[[ INFORMATION PROVIDED, beginning ]]

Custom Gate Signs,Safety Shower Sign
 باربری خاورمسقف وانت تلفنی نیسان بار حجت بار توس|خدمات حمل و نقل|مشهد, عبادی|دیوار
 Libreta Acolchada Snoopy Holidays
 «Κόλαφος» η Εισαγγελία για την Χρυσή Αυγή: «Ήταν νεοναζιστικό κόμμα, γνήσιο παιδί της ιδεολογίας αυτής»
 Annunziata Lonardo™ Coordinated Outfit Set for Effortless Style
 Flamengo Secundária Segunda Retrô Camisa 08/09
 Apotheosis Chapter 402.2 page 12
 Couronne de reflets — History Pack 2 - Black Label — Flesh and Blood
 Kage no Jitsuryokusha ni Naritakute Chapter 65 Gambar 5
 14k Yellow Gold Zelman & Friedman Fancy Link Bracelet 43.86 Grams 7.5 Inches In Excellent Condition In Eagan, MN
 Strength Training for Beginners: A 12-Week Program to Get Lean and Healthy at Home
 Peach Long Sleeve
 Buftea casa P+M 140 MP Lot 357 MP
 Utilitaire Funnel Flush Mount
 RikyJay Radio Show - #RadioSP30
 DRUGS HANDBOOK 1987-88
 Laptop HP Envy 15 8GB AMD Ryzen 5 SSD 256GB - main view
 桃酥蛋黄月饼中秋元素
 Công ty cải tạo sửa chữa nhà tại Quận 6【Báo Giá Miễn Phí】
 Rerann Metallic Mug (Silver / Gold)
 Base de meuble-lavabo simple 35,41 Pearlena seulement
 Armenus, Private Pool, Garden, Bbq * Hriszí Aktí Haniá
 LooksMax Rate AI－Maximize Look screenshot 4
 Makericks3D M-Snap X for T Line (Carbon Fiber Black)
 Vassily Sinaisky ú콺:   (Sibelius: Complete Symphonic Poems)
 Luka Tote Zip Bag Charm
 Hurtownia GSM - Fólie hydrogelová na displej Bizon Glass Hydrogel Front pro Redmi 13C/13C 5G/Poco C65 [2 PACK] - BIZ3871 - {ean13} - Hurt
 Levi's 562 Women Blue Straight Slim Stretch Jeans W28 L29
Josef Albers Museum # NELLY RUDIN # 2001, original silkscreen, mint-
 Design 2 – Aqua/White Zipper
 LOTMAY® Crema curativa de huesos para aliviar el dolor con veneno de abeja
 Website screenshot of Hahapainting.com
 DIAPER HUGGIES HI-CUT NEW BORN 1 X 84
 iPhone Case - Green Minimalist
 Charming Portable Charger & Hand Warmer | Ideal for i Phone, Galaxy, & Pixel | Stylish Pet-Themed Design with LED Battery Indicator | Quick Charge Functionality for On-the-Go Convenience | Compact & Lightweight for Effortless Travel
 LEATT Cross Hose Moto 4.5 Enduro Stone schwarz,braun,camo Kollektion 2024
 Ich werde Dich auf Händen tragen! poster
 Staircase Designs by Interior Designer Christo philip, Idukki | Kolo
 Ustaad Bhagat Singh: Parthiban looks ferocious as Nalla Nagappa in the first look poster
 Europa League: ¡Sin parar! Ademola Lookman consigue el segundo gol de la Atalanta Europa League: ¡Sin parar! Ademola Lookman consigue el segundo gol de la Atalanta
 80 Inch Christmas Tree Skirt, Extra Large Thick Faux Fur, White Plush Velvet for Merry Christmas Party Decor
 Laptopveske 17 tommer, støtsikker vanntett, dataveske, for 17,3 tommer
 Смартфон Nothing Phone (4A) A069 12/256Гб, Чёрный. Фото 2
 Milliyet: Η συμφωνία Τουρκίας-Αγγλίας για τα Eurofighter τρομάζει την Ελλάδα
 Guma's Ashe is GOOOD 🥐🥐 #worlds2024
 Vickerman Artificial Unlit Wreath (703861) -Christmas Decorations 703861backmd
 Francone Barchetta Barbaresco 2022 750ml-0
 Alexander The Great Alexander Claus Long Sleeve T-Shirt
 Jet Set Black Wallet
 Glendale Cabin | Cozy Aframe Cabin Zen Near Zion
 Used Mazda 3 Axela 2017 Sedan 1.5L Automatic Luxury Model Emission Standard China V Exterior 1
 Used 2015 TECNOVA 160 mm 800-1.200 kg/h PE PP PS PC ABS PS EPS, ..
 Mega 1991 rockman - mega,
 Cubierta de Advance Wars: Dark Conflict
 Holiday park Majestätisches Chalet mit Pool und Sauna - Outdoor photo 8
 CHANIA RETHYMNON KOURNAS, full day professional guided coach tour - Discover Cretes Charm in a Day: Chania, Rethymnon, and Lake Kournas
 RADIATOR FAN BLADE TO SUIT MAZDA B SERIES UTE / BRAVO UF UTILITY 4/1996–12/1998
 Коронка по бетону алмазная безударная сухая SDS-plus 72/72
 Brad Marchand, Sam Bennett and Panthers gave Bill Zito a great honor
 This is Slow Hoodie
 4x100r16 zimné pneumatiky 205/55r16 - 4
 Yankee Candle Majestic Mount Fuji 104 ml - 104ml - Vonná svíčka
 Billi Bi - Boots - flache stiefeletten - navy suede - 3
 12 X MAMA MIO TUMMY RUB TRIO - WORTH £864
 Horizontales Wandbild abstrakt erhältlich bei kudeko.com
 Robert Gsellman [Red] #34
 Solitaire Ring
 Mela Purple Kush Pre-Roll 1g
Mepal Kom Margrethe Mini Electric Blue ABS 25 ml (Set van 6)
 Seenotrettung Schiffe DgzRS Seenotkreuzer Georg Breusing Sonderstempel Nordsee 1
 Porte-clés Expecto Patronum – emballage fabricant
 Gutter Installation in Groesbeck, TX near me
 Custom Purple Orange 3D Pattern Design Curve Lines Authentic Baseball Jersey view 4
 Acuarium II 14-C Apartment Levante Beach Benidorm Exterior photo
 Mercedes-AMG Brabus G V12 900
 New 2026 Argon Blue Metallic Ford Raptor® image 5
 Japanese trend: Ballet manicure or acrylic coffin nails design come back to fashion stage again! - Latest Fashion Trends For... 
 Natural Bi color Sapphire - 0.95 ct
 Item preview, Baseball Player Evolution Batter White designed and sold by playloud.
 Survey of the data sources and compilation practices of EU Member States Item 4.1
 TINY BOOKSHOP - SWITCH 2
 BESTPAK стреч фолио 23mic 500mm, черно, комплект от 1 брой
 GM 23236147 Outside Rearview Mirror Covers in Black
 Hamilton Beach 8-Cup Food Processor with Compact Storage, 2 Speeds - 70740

[[ INFORMATION PROVIDED, end ]]

YOUR OBJECTIVE >> Repeat, exactly as they stand above, the lines from the line with "DRUGS HANDBOOK 1987-88" to the line with "Armenus, Private Pool, Garden, Bbq", both lines included.

WRITTEN RESPONSE >>
 DRUGS HANDBOOK 1987-88
 Laptop HP Envy 15 8GB AMD Ryzen 5 SSD 256GB - main view
 桃酥蛋黄月饼中秋元素
 Công ty cải tạo sửa chữa nhà tại Quận 6【Báo Giá Miễn Phí】
 Rerann Metallic Mug (Silver / Gold)
 Base de meuble-lavabo simple 35,41 Pearlena seulement
 Armenus, Private Pool, Garden, Bbq * Hriszí Aktí Haniá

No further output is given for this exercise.